There are tons of useful data on websites we browse every day, but each site might have its own structure and form that making it difficult to extract the data you need quickly. In this article, I will show you how I gathered the missing persons' data from a website (International Center For Unidentified & Missing Persons) by using Scrapy, and how I cleaned the data and analyzed the spatial-temporal data with ArcGIS tools.
Scraping the website
Scrapy is an open-source framework for extracting the data you need from websites. I recommend reading the official tutorial if you are not familiar with it. Scrapy requires Python 3.6+ and I installed it by using Anaconda on the command line:
conda install -c conda-forge scrapy
The webpage I scraped lists the missing males in the U.S. in chronological order from as early as 1881 to 2020. For each person, there is a link to their individual page with descriptions such as name, case classification, missing date, last seen location, DOB, age, etc. My goal was to extract the description data of interest on each individual page of missing persons.
- Overwrite the original items.py file
In the directory of the project created, overwrite the items.py file with the items you want to extract from the site. The items I was interested in include name, case classification, missing date, last seen location, DOB, age, race, gender, height, and weight from each individual page. The items.py file was overwritten as below so that the scraped data will be stored in the defined item class:
name = scrapy.Field()
case = scrapy.Field()
since = scrapy.Field()
location = scrapy.Field()
DOB = scrapy.Field()
age = scrapy.Field()
race = scrapy.Field()
gender = scrapy.Field()
height = scrapy.Field()
weight = scrapy.Field()
2. Defining the Spider class
In the project created, there is a folder named spiders, in which you save your scraping code that Scrapy uses to scrape information from a webpage. There are two major components in the scraping code. First, define the URL of the webpage and scrape the URLs for each individual webpage of the person. XPaths was used to select elements from HTML documents. The code is shown as follows:
# define URL of the front page
start_urls = ["http://www.doenetwork.org/mp-chrono-us-males.php"]# extract individual URLs
def parse(self, response):
for href in response.xpath("//div[contains(@id,'container')]/ul
url = href.extract()
yield scrapy.Request(url, callback=self.parse_dir_contents)

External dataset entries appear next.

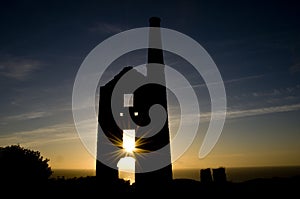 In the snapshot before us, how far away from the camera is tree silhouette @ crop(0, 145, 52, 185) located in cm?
2005

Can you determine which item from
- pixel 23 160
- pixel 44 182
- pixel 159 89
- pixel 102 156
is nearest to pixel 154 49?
pixel 159 89

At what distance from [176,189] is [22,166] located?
1358cm

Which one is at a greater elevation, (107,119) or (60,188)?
(107,119)

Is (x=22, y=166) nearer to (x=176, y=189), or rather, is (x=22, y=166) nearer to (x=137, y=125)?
(x=137, y=125)

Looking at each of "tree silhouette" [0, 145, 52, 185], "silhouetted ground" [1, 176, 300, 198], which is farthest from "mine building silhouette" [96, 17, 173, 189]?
"tree silhouette" [0, 145, 52, 185]

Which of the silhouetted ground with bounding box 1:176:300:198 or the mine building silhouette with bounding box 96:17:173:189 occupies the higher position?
the mine building silhouette with bounding box 96:17:173:189

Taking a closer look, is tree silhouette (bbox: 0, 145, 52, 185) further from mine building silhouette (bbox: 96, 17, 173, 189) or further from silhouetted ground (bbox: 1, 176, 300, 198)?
mine building silhouette (bbox: 96, 17, 173, 189)

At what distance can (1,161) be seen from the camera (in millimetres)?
21500

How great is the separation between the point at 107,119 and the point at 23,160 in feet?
29.7

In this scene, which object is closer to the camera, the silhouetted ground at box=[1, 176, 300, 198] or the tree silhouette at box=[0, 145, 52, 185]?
the silhouetted ground at box=[1, 176, 300, 198]

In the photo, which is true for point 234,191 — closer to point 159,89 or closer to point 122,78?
point 159,89

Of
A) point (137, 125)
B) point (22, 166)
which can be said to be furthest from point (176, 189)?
point (22, 166)

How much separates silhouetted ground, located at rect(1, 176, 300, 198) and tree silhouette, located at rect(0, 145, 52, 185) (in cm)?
107

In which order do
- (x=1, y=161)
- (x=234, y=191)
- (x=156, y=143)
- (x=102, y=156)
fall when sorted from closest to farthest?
(x=234, y=191)
(x=156, y=143)
(x=102, y=156)
(x=1, y=161) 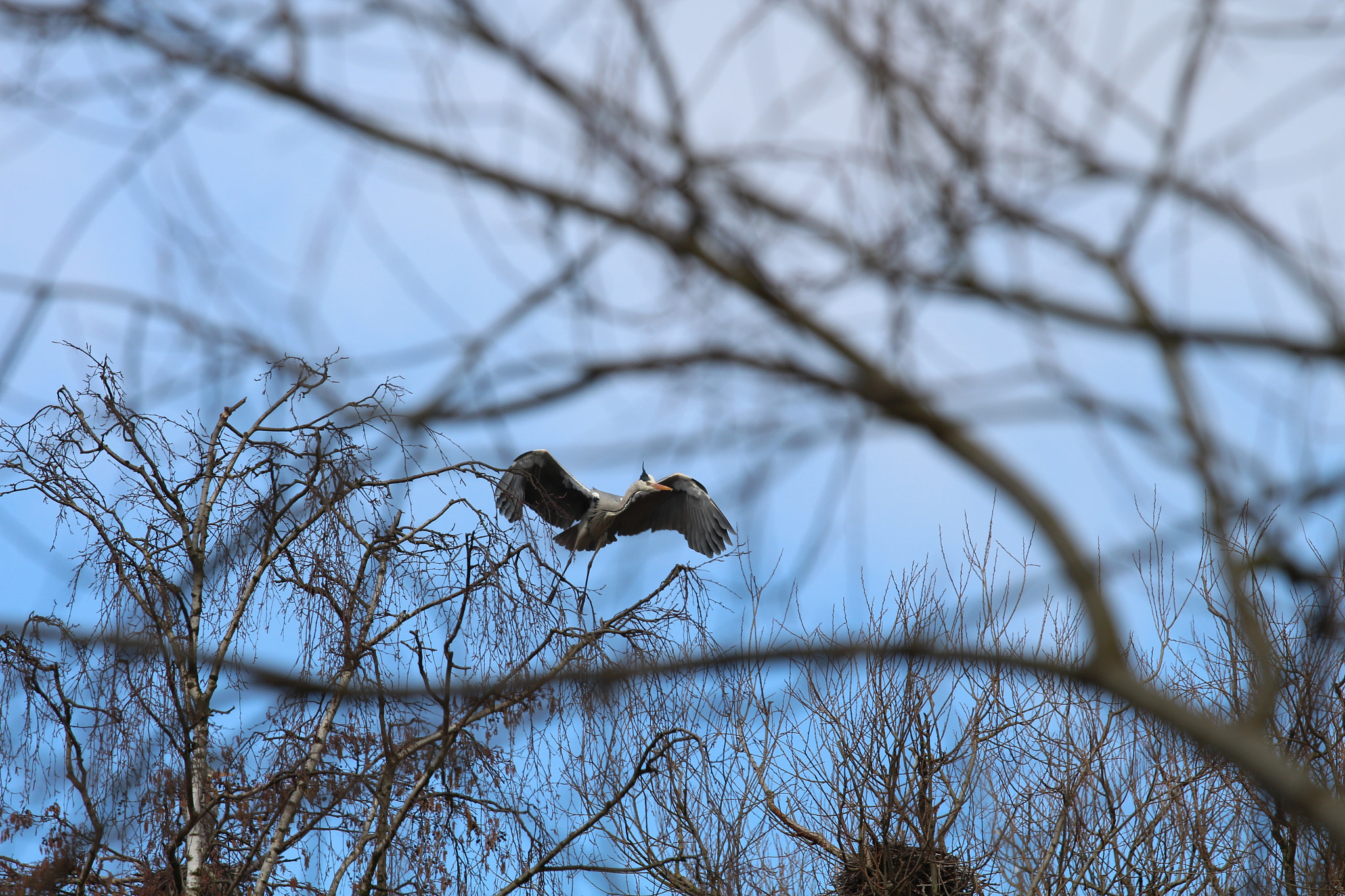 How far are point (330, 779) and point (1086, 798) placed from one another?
211 inches

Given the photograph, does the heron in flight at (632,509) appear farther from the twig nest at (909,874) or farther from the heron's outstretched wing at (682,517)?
Result: the twig nest at (909,874)

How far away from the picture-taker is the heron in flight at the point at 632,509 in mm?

The second component is to extract the text from each individual webpage iteratively by using the code below:
infor_list = response.xpath("//p/text()").getall()
While I need the description text I wanted, the texts (‘\n’ or ‘\n\n’) of the new line from HTML would also be extracted from the code above. A new list was created to get rid of rows containing ‘\n’ or ‘\n\n’ by the following code:
new_infor = 
for a in infor_list:
if '\n' not in a:
3. Running the Spider and output the data
Type in the code as below in the command line to run the Scapy and the data extracted was outputted to a CSV file.
scrapy crawl my_scraper -o results.csv
A screenshot of the data extracted is shown below:
Cleaning the data
Before analyzing the data scraped from the website, the data set needs to be cleaned. While each item may have different cleaning procedures, the data that was missing or unknown was removed first from the dataset.
The age data extracted were in the form of “xx years old” or “xx months old” (e.g. 27 years old). In order to get the age in a consistent format, first I split the number part from the text part (years old/months old). Then divide the number by 12 if the text part is “months old”. Finally, drop the text part and only keep the number part with the same unit (year).
Some of the weight data extracted were in a range (e.g. 140–150 pounds). Only the lower limit was kept for the later analysis.
Last seen location
Most of the last seen locations were in the form of “city/county/state ” (e.g. Chardon, Geauga County, Ohio). As I was only interested in the state information, I split the location by comma and only kept the state information.
The height was in the foot-inch format (e.g. 7' 1"). I converted them into the inch unit. For example, for 7' 1", first I split the string according to the apostrophe, then convert 7' to inches by multiply 12, which is 84 inches. The height in inches is the summation of 84 and 1.
Analyzing the data
After data cleaning, there were 1893 missing males ranging from the year 1905 to the year 2020 in the dataset. First, I looked into the missing person distribution throughout the years. The scatter plot of missing persons by the year they were last seen with age information is shown below. You can see from the plot most of the data fell between the 1970s and 2000.
Second, I compared the data amongst states to get some insight. The missing person counts were shown below by state with California having the most missing cases and Texas and Florida in the second and third place.
The map below also shows the missing person counts in different states.
Then I looked into the missing persons’ ages when they were reported missing amongst different states. A boxplot was drawn to show the age distributions for each state and the missing males’ average age in different states was also illustrated in a map.
With the spatial-temporal information in the dataset, ArcGIS was used to visualize the missing person counts in each state throughout the years (1955–2015), shown at the beginning of this article. There were scarce cases in the dataset before 1955 and after 2015. So only the missing cases between 1955 and 2015 are illustrated and they were counted every five years.